We discuss two theorems in analytic number theory and combinatory analysis that have seen increased use in recent years. A corollary to a Tauberian theorem of Ingham allows one to quickly prove asymptotic formulas for arithmetic sequences, so long as the corresponding generating function exhibits exponential growth of a certain form near its radius of convergence. Two common methods for proving the required analytic behavior are modular transformations and Euler–Maclaurin summation. However, these results are sometimes stated without certain technical conditions that are necessary for the complex analytic techniques that appear in Ingham’s proof. We carefully examine the precise statements and proofs of these results, and find that in practice, the technical conditions are satisfied for those cases appearing in recent applications.
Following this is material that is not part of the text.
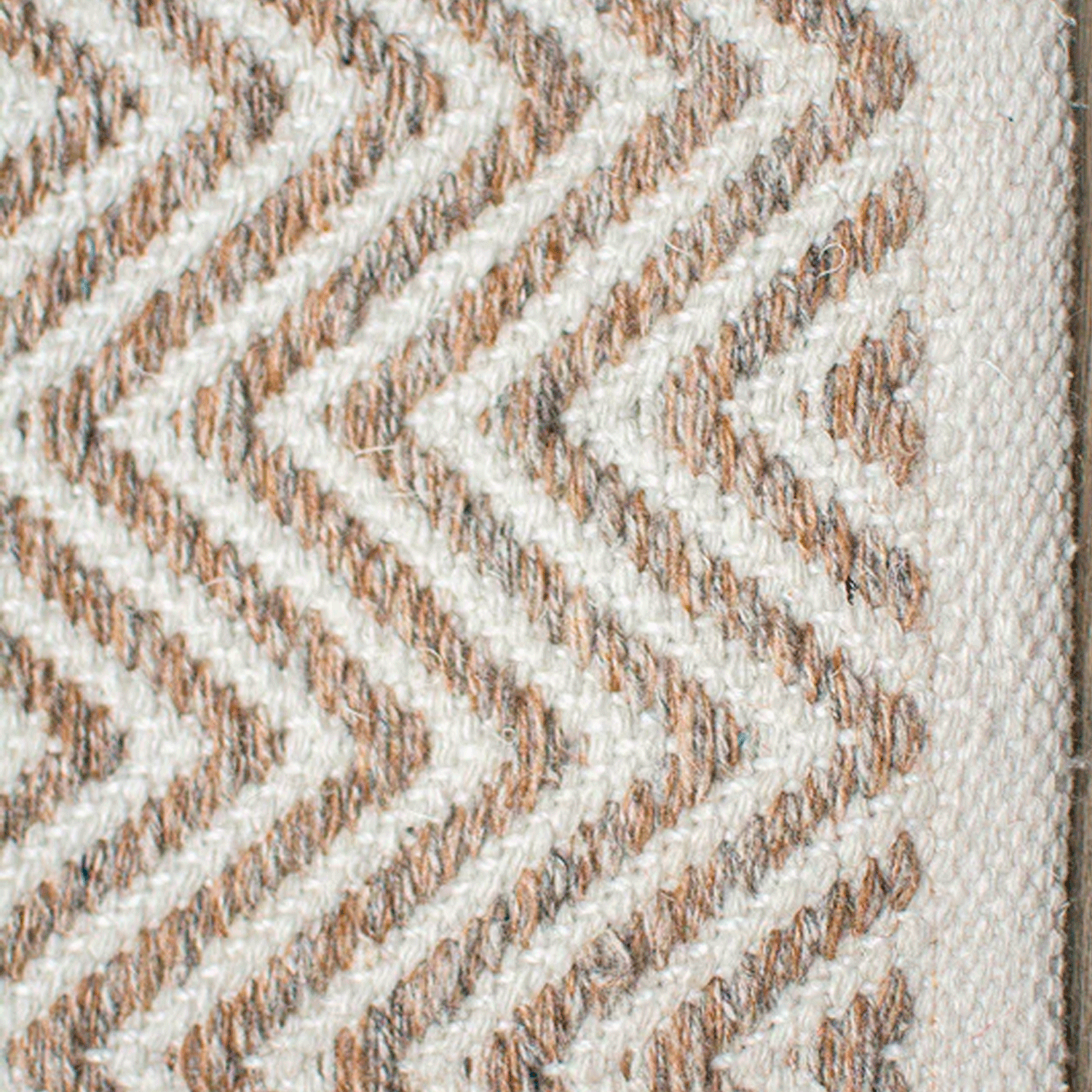 Alfombra BAZHARS Pet Gall 1478 200x300 cm Beige-7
We also generalize the classical approach of Euler–Maclaurin summation in order to prove asymptotic expansions for series with complex values, simple poles, or multi-dimensional summation indices.

我们讨论了解析数论和组合分析中的两个定理，这些定理近年来已得到越来越多的使用。对英厄姆的陶伯定理的推论使人们能够快速证明算术序列的渐近公式，只要相应的生成函数在其收敛半径附近表现出某种形式的指数增长即可。证明所需分析行为的两种常用方法是模数转换和Euler-Maclaurin求和。但是，有时会在没有特定技术条件的情况下陈述这些结果，而这些条件是Ingham证明中出现的复杂分析技术所必需的。我们仔细检查了这些结果的精确陈述和证据，发现在实践中，满足了最近申请中出现的那些情况的技术条件。